TASK TO COMPLETE: The answer should hold only the line with "Cariúcha disparou: 'Pra" and each line after it through the last line of the material, exactly.

MATERIAL SHOWN:

☆ ☆ ☆ ☆ ☆

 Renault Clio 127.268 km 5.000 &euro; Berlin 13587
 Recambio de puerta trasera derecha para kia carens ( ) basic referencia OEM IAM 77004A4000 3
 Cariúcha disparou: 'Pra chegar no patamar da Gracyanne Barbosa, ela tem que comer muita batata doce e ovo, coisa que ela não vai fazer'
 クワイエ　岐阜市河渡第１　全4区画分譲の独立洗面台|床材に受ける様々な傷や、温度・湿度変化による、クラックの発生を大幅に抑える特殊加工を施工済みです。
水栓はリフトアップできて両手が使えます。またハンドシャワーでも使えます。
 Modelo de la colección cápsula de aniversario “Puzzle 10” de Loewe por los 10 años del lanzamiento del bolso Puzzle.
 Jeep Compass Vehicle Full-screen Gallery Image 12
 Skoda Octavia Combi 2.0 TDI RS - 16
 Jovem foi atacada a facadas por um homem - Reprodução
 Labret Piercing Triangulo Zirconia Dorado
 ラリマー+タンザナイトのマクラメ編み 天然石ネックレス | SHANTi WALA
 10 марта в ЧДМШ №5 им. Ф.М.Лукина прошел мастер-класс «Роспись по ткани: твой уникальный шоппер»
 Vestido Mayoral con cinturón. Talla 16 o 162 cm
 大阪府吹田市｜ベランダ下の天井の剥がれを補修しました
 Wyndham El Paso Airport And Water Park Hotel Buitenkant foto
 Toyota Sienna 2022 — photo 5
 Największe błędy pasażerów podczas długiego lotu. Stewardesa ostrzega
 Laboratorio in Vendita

☆ ☆ ☆ ☆ ☆

SOLUTION FOR THIS EXERCISE:
 Cariúcha disparou: 'Pra chegar no patamar da Gracyanne Barbosa, ela tem que comer muita batata doce e ovo, coisa que ela não vai fazer'
 クワイエ　岐阜市河渡第１　全4区画分譲の独立洗面台|床材に受ける様々な傷や、温度・湿度変化による、クラックの発生を大幅に抑える特殊加工を施工済みです。
水栓はリフトアップできて両手が使えます。またハンドシャワーでも使えます。
 Modelo de la colección cápsula de aniversario “Puzzle 10” de Loewe por los 10 años del lanzamiento del bolso Puzzle.
 Jeep Compass Vehicle Full-screen Gallery Image 12
 Skoda Octavia Combi 2.0 TDI RS - 16
 Jovem foi atacada a facadas por um homem - Reprodução
 Labret Piercing Triangulo Zirconia Dorado
 ラリマー+タンザナイトのマクラメ編み 天然石ネックレス | SHANTi WALA
 10 марта в ЧДМШ №5 им. Ф.М.Лукина прошел мастер-класс «Роспись по ткани: твой уникальный шоппер»
 Vestido Mayoral con cinturón. Talla 16 o 162 cm
 大阪府吹田市｜ベランダ下の天井の剥がれを補修しました
 Wyndham El Paso Airport And Water Park Hotel Buitenkant foto
 Toyota Sienna 2022 — photo 5
 Największe błędy pasażerów podczas długiego lotu. Stewardesa ostrzega
 Laboratorio in Vendita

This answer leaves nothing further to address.